All are big issues for teachers, but The Talker has spent a lot of time reading the paperwork over the weekend, and is fully briefed, so he finds the issues absorbing and challenging.

There is only a short lunchbreak, and the meeting continues until quite late. The Talker is mentally drained at the end of it, and the cool city air comes as a refreshing shock when he emerges. He walks quickly, feeling satisfied that much has been accomplished - the meeting has taken a significant step that will knock on into a real improvement in school performance.

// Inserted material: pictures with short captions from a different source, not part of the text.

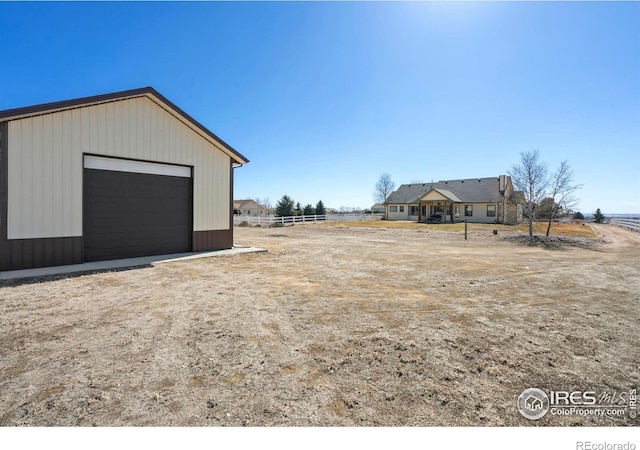 view of yard with an outbuilding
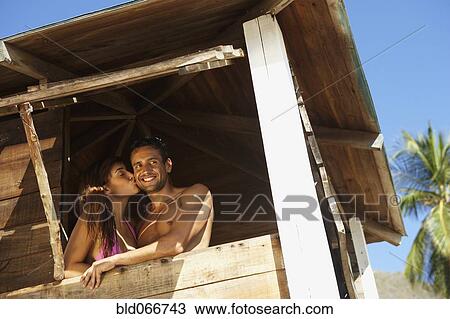 Stock Image - Couple in lifeguard tower. Fotosearch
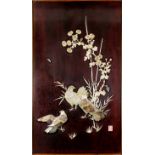 A Japanese shibayama panel of doves, bamboo and flowering sprays on a brown lacquer ground, with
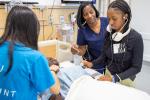  UC Davis Health nurses volunteered to lead SHINES participants through hands-on simulations with mannikins.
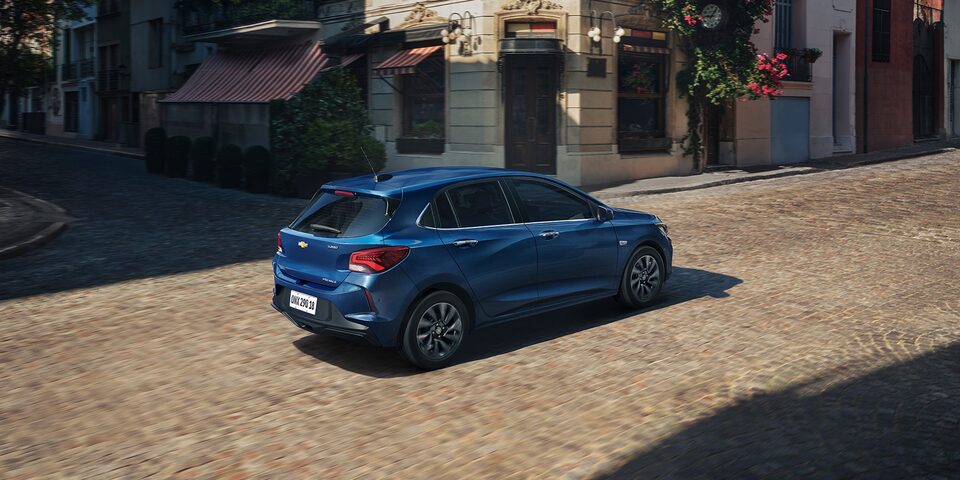 Vista traseira do Onix Azul Boreal em rua com arquitetura clássica.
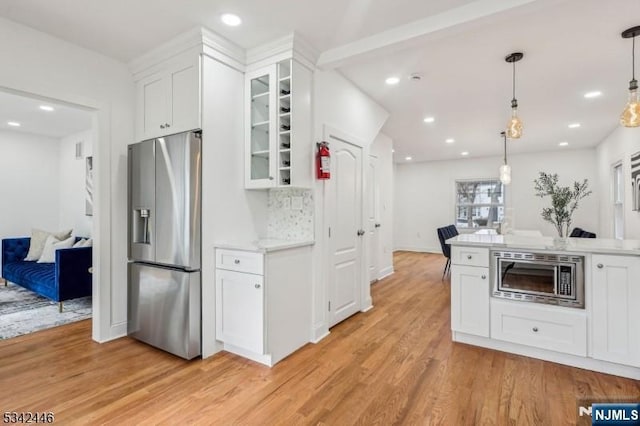 kitchen featuring light wood finished floors, glass insert cabinets, light countertops, white cabinets, and stainless steel appliances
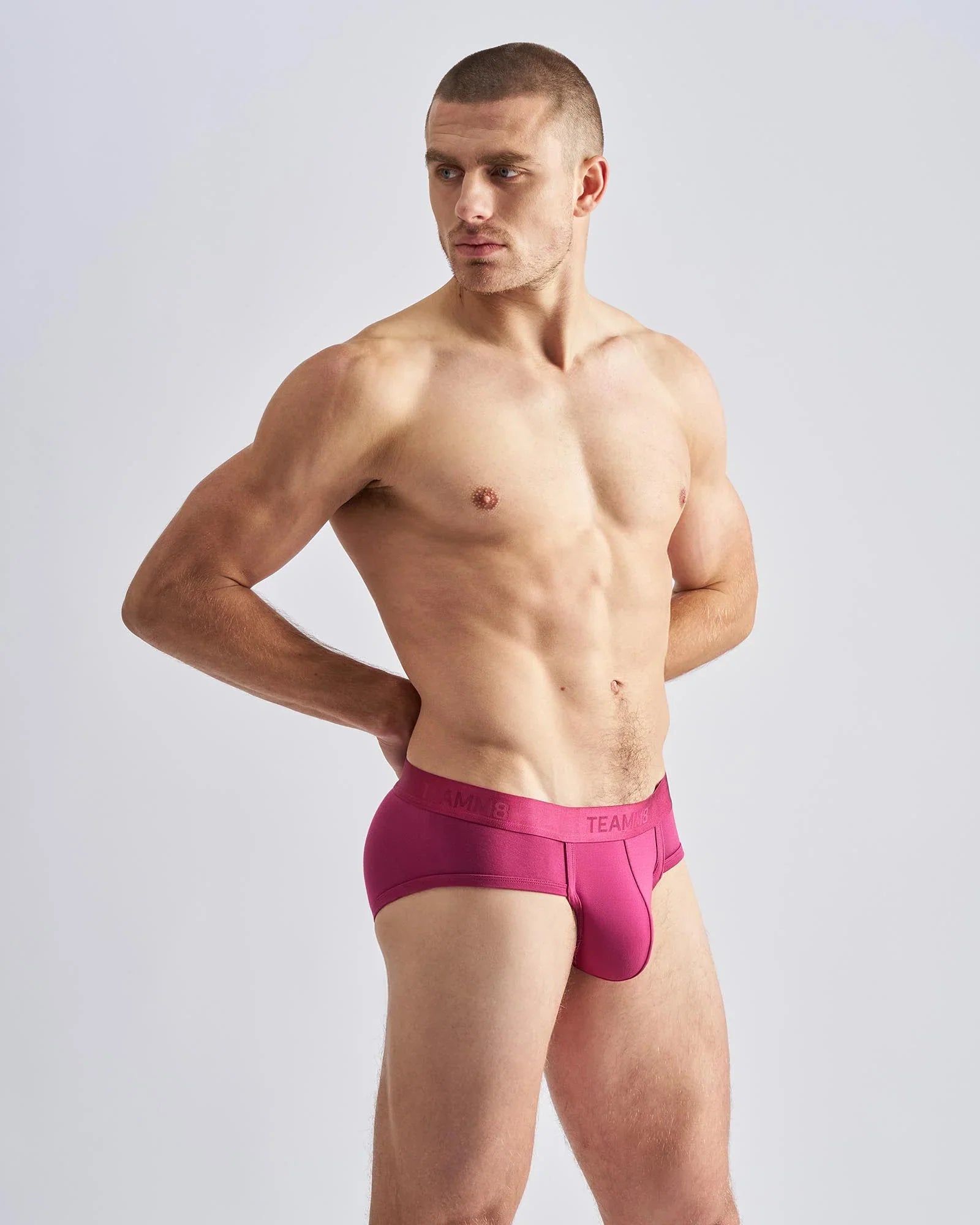 Magenta reign brief men’s form-fitting briefs with smooth fabric waistband featuring team brand logo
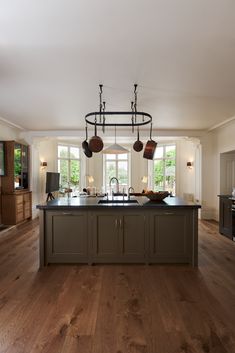 a large kitchen with an island in the middle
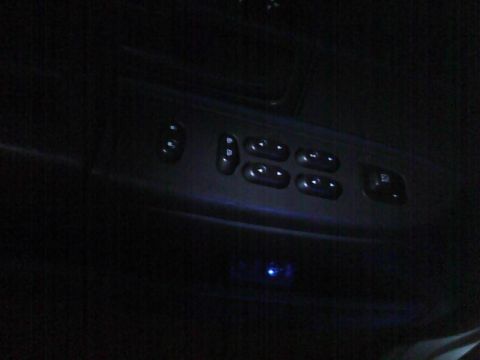 2003 Ford Crown Victoria - Illuminated window controls are visible on the dark interior door panel of a car.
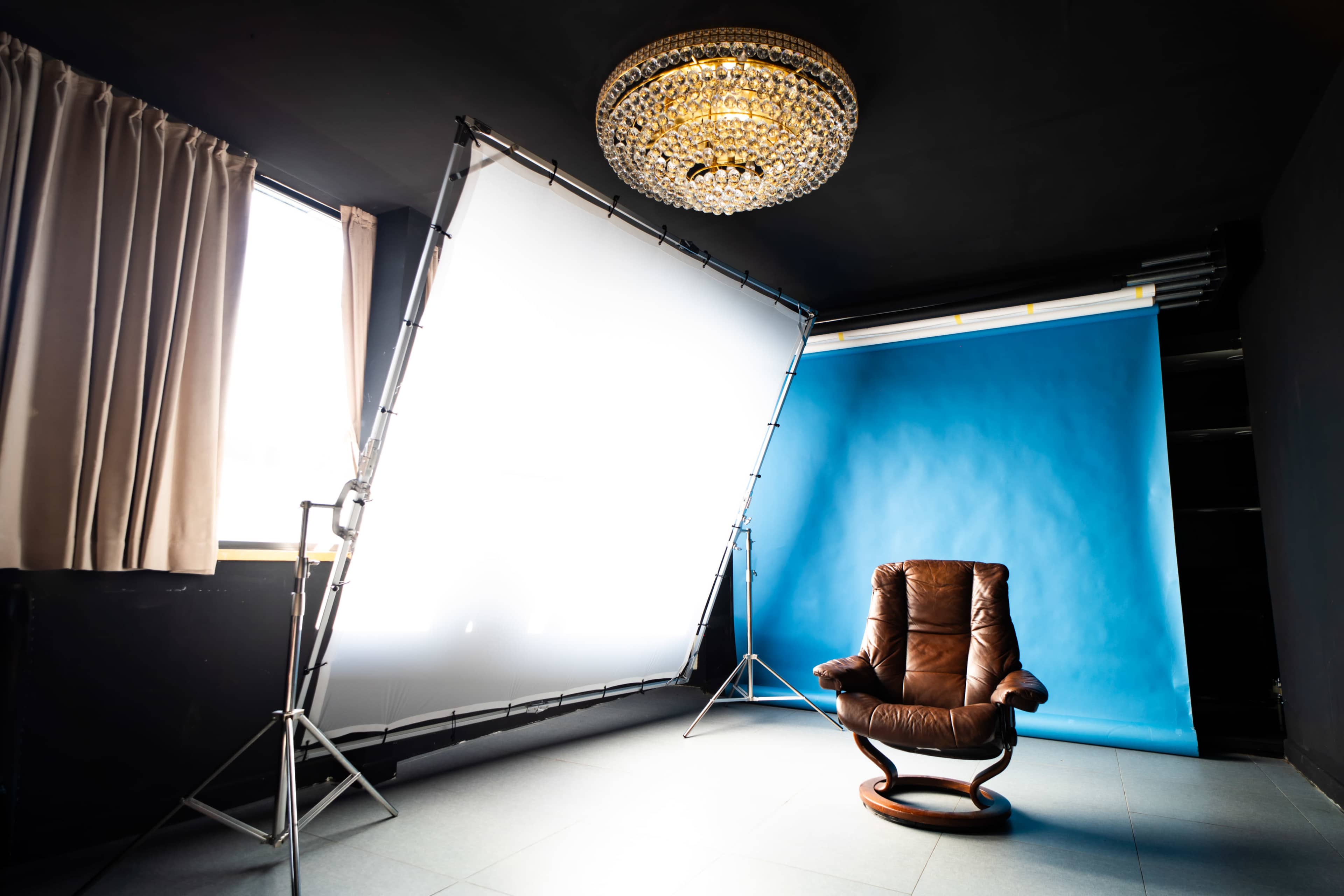 A brown leather chair is positioned in a brightly lit photography studio featuring a blue backdrop and a large chandelier.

The Teacher gets up in the morning, drives to school, reads e-mails, goes to class and within minutes is entirely absorbed by the immediate demands of 30 real children. As the day goes on she deals with a fight, continues a long battle of attrition with a seriously disturbed child who is insufficiently supported, pushes her class through a literacy hour, snatches a sandwich at her desk, goes out on the playground to keep a special eye on the disturbed child.

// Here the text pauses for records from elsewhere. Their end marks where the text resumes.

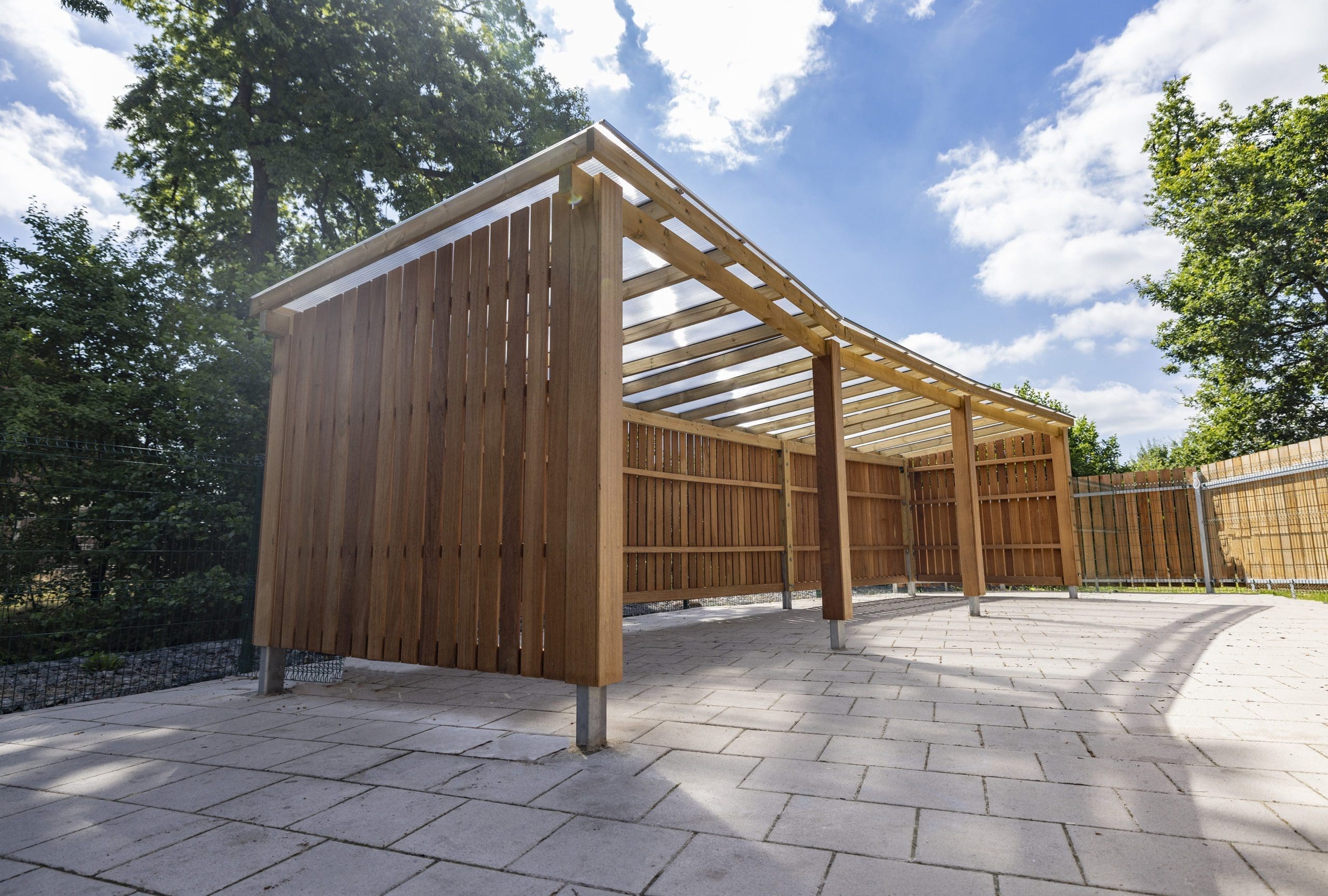 Outdoor large wooden canopy with closed sides, open front and seethrough roof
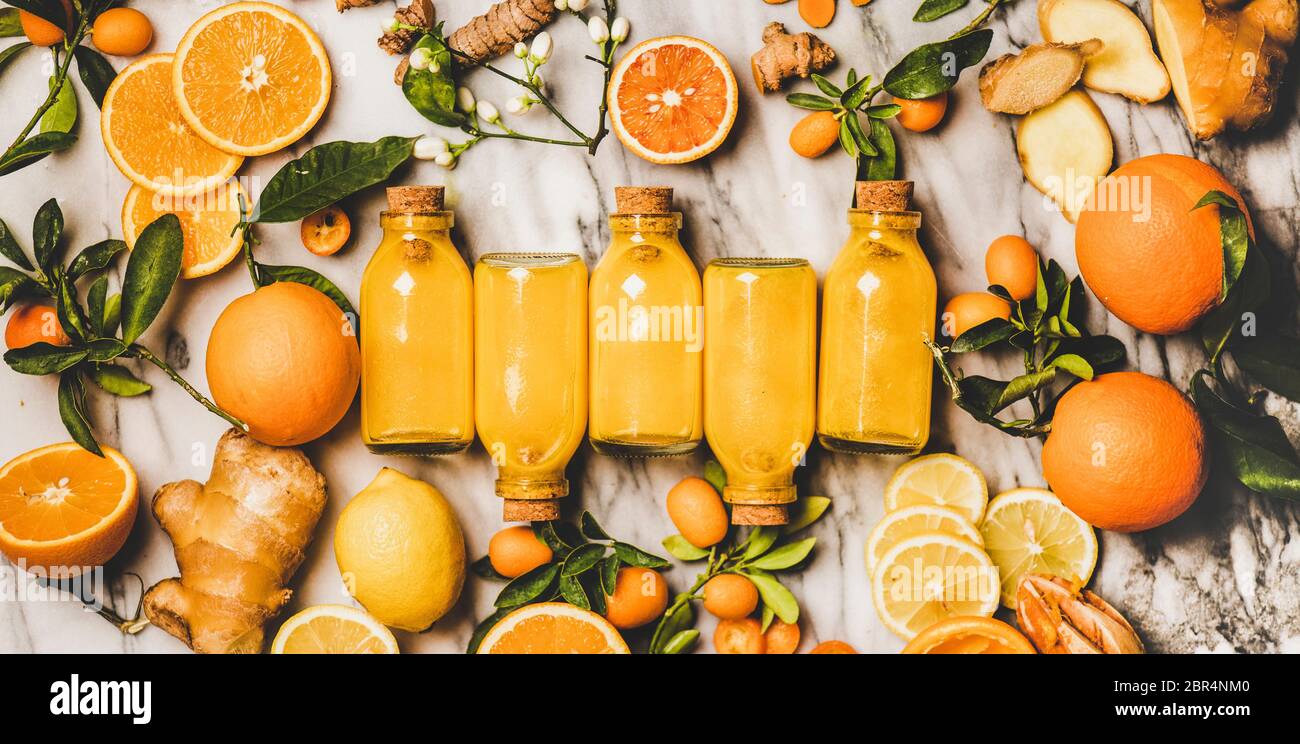 Immune boosting vitamin health defending drink. Flat-lay of fresh turmeric, ginger, citrus juice shot in glass bottles over marble background, top vie Stock Photo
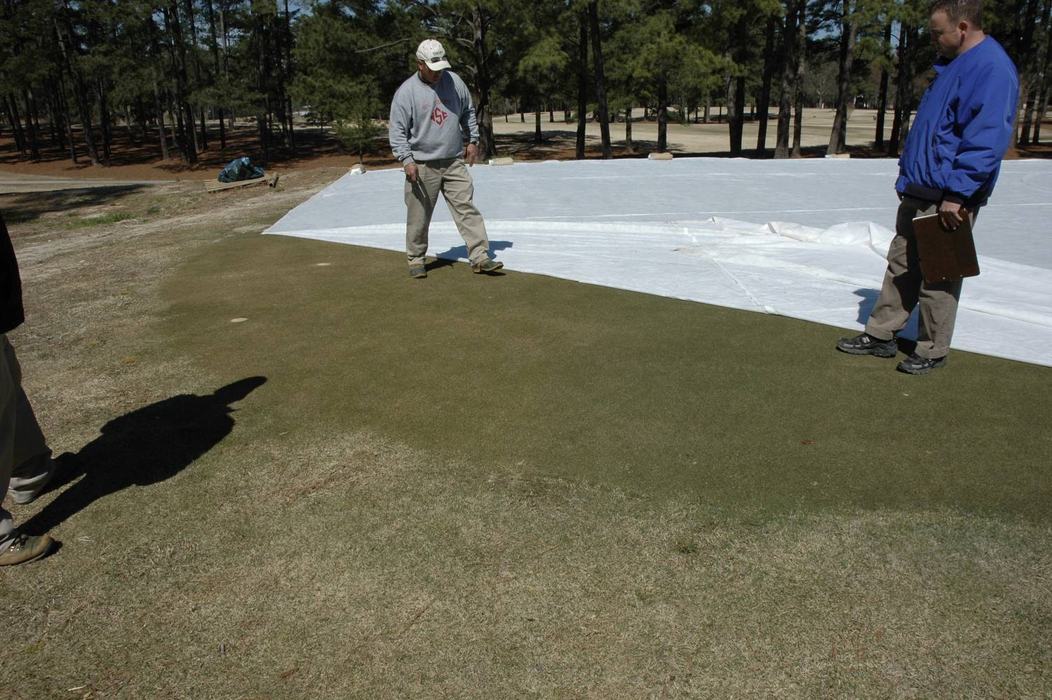 Turfgrass professionals taking a peek under the covers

At the end of the day, which finished with a staff meeting, she is mentally and physically drained. Her feelings veer between satisfaction at a job well done, and frustration that she ought to have done more. As she goes home, though, she laughs out loud at the memory of the several lunatic incidents that have enlivened the day.

I really do not mean here to make too facile a comparison, or to suggest that one of these two works harder than the other. Both have stressful and highly responsible jobs. Both enjoy what they do. The work of both is necessary if our children are to be well educated.

The difference is simply this. For The Talker, education is an absorbing intellectual challenge, filled with interesting controversies - selection versus non-selection, phonics versus word recognition, calculators versus pen and pencil. All are intriguing - any committee could talk about them for hours. For The Teacher, though, education is a never-ending succession of draining - albeit also stimulating and enjoyable - encounters with children.

It is fatally easy for The Talkers to forget what life for The Teacher is like - even though many Talkers were once Teachers. A meeting round a table can become animated, principles are dissected, methods are vigorously proposed and supported. Everyone at the table probably has, somewhere inside, a mental image of the child, the teacher and the relationship between them. This picture, though, can become very indistinct as the issue under discussion takes on a life of its own, and rivalries - personal, professional, inter-departmental - come into play.

It is also easy, it has to be said, for The Teacher to join The Talkers. A meeting of heads can soon become a Talkers’ Conference. A teacher seconded to The Talkers can quickly take on the attributes. It is as if there is a law of nature that says issues and debating points are more interesting than the reality of daily life.

I do not ask for much - simply this. At the beginning of every meeting of Talkers - be it in a university, a Whitehall office, a County Hall, a Commons Committee Room, a school library hosting a governors’ meeting - there should be a moment of quiet reflection. During that moment, every member should close his or her eyes and conjure up a picture of a school classroom.

Let each of them mentally pan around the children -the eager ones, the frightened ones, the puzzled ones, the defiant ones, the physically or mentally-disadvantaged ones.

Then let the mind’s eye include the teacher, whose task is to take each one of these children a little further every day, intellectually, spiritually, emotionally.

Finally let each Talker say, inwardly - or, indeed outwardly: “This is what we are here for. Only this. Nothing else.”